Stats 110B Midterm Spring '99

NAME:

ID:
 
 

Write neatly and clearly. Explain your answers when necessary. Equations and tables are provided in a separate packet. All questions are worth 5 points unless otherwise indicated.

A. Were there differences in salary between men and women at a small midwestern university in the early 80's? Refer to the data on the following pages to answer these two questions. Additional blank pages are provided after the data.

1. What are your initial impressions as to whether there is a difference in salary based on gender? What evidence did you use to reach this conclusion?

 Based on the boxplots, it looks as if women make less. The median women's salary is quite a bit less than the men's (in fact, almost the same as the first quartile. So half of the women make less than 25 percent of the men.) Interestingly, there is one outlier: a woman who makes more than everyone else.

2. Carry out a formal statistical test to see if there are differences between men's and women's salaries. Various tables are at the end to help you. If it makes things easier, you may assume that the variance in salaries is the same for both groups. Your work should follow this format: (5 pts each) (Blank page follows for additional work.)

a) State your assumptions

Assume that salaries are normally distributed and independently assigned. (This is probably not a good assumption!) We'll assume that the variance of salaries in each group (M and W) are equal and unknown.

b) State the significance level you are testing at.

5%, although any significance level is fine. At least as far as this midterm is concerned.

c) State the null and alternative hypothesis

The null is that mean(men) = mean(women). The alternative is that mean(women) < mean(men).

d) Calculate the appropriate test statistic or confidence interval.
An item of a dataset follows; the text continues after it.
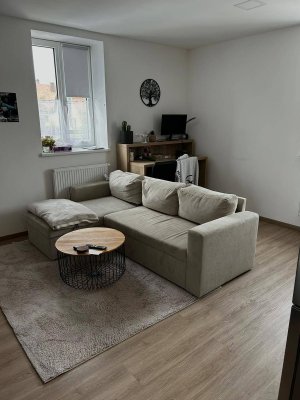 45 Quadratmeter Wohnung in zentrumsnaher Lage in 3580 Horn!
We'll use Xbar - Ybar to estimate the difference in the means. (The men's salaries are the X's, the women's the Y's.) The standard error is sigma times the square-root of (1/n) + (1/m), where n and m are the numbers of men and women, respectively. Sigma is the unknown SD of the salaries, and we can estimate this by pooling the observations to calculate the pooled sample variance. (This formula was given with the test.) I'll try to reproduce it here, but it's hard to do in HTML.

sp^2 = (n-1)*sx^2 + (m-2)*sy^2 divided by (n+m-2) = ((37 * 5646.409^2) + 13*(6151.8731^2))/50

The square-root of this is 5782.08 = sp. So the SE is sqrt(1/38 + 1/14) * 5782.08 = 1807.71.
 
 

So our test statistic is (24696.789 - 21357.143)/1807.71 = 1.84745
 
 

e) Do you conclude that this university was taking gender into account when making salary decisions?

Yes. This test statistic follows a t-distribution with n+m-2 = 50 degrees of freedom. This is closely approximated by a normal distribution, and so to reject the null hypothesis that the mean salary for men is equal to the mean salary for women, in favor of the (one-sided) hypothesis that the mean men's salary is greater than the mean women's salry, requires a test statistic exceeding 1.654.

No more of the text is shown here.